The company’s Singapore push has become central to its international AI strategy. At its first international Qwen Conference in Singapore in May, Alibaba Cloud introduced Qwen3.7-Max through Model Studio in the Singapore region, unveiled Qwen Cloud as an AI-native platform, and launched agent products aimed at helping companies build and manage autonomous systems. The Skills portal converts capabilities across more than 60 cloud products into agent-callable functions, allowing AI agents to interact with databases, security tools, big-data services and operations systems.

Alibaba Cloud’s commercial momentum has also improved. Cloud Intelligence Group revenue rose 38 per cent year on year to RMB41.63 billion in the January-March quarter, while external cloud revenue grew 40 per cent. AI-related products accounted for about 30 per cent of external cloud revenue and delivered triple-digit growth for the eleventh consecutive quarter. Annualised AI-related product revenue surpassed RMB35.8 billion, indicating that enterprise demand has moved beyond proof-of-concept budgets.

The company is investing heavily to defend that position. Alibaba has indicated that spending on AI and cloud infrastructure will exceed its earlier three-year plan of up to RMB380 billion, as executives prioritise market share and capacity expansion over near-term margins. That strategy carries risks. The group’s earnings have been pressured by high capital expenditure, competition in commerce and infrastructure costs linked to advanced computing demand.

The broader market remains intensely contested. Regional and global cloud providers are building agentic AI platforms that combine foundation models, orchestration layers, retrieval systems, governance tools and specialised compute. Amazon Web Services, Microsoft Azure, Google Cloud, Huawei Cloud, Tencent Cloud and Baidu AI Cloud are all competing for enterprise workloads tied to automation, coding agents, customer-service agents and industry-specific decision systems.

Alibaba Cloud’s advantage in Asia rests partly on its ability to link AI models with commerce, logistics, finance, cloud and developer ecosystems. Its Qwen family has gained traction among developers because of open-source releases and multilingual capabilities, while its enterprise services are being positioned for customers that need lower latency, data-residency options and region-specific compliance controls. The company also benefits from its leadership in Asia-Pacific infrastructure-as-a-service revenue, where it held a 22.5 per cent regional share in 2025.

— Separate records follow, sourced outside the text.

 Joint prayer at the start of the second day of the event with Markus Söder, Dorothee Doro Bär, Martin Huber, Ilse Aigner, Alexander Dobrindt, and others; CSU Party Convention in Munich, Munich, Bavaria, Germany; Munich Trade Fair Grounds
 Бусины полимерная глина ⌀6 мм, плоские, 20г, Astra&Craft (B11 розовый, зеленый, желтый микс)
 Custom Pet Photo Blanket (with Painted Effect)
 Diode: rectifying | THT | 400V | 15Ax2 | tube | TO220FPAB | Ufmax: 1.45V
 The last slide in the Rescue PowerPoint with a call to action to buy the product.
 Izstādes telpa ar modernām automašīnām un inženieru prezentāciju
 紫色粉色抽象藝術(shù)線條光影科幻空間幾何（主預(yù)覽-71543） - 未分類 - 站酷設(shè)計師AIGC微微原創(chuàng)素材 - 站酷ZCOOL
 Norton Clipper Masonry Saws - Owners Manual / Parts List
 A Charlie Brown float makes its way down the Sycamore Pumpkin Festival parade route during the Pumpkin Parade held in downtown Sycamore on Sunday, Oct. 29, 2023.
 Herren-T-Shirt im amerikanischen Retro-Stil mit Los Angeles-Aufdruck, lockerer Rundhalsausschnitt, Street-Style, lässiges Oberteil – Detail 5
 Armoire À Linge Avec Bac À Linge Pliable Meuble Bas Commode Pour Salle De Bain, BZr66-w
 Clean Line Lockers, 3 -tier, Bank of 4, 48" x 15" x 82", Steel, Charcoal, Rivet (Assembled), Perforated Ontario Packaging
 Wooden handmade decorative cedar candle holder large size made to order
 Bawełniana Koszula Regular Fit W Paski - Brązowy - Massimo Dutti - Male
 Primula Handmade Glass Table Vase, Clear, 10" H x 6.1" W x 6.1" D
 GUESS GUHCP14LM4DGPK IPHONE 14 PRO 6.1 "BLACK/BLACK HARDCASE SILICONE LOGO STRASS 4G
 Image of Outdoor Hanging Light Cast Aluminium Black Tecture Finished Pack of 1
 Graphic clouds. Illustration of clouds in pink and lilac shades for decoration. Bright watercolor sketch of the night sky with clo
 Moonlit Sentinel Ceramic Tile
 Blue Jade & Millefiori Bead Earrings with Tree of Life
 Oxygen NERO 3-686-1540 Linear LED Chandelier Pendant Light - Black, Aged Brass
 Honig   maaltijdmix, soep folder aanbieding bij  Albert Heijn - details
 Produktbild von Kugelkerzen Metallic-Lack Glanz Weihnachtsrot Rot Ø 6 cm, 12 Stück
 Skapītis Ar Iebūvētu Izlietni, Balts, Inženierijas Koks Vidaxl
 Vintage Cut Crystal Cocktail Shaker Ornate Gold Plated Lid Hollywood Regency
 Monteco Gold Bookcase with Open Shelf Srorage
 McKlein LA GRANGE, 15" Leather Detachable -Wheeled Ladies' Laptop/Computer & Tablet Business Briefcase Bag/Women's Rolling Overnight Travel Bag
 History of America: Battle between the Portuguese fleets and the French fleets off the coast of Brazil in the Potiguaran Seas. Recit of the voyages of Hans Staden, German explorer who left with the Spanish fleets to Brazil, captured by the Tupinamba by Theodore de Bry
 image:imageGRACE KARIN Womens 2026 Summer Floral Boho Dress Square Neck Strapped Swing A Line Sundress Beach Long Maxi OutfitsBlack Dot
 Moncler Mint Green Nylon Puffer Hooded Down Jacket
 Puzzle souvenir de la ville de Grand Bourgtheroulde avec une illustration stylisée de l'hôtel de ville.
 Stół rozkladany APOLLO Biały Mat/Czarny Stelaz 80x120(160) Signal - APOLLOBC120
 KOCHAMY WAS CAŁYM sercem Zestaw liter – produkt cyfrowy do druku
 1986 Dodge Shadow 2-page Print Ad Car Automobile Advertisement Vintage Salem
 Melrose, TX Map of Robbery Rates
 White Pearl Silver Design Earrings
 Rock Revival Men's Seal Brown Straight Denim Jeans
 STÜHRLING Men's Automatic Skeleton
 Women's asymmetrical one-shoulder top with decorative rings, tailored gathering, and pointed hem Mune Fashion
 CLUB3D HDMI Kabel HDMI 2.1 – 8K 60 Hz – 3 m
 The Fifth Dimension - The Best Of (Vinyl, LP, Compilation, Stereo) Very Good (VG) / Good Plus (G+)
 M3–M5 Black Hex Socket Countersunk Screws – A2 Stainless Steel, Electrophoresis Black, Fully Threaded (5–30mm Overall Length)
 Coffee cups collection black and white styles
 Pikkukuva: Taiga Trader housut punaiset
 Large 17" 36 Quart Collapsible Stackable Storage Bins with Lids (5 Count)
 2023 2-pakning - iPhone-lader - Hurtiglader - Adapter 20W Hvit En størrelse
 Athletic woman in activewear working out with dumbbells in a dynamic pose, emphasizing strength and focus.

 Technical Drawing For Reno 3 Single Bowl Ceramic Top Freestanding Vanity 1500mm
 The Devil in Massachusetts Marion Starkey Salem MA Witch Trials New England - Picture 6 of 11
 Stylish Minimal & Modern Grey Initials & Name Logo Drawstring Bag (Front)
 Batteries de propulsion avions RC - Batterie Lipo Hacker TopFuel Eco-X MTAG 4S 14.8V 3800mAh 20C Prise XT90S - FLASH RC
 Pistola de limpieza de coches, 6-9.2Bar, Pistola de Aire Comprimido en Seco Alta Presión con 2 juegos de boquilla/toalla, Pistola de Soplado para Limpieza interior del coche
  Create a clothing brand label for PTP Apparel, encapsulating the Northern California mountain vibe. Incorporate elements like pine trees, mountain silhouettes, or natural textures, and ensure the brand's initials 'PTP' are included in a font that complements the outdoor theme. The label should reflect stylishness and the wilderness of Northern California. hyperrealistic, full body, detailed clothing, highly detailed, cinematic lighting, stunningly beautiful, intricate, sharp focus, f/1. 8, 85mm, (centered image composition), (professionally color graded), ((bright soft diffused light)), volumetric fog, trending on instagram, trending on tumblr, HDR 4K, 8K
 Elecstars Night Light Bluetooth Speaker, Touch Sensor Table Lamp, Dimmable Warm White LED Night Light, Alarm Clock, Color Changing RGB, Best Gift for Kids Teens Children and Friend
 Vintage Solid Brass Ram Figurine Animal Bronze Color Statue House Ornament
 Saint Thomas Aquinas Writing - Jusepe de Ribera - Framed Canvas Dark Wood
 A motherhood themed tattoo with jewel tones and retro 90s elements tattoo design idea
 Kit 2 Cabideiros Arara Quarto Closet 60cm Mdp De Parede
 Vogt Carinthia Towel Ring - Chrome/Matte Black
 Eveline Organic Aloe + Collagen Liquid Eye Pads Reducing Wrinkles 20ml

The agentic AI market, however, faces unresolved issues around reliability, accountability and security. Autonomous agents can call tools, access corporate data and act across software systems, raising concerns over permission controls, audit trails, hallucinated actions and exposure of sensitive information. Enterprise buyers are increasingly looking for guardrails, monitoring, role-based access and human approval mechanisms before allowing agents to handle financial, legal or operational decisions.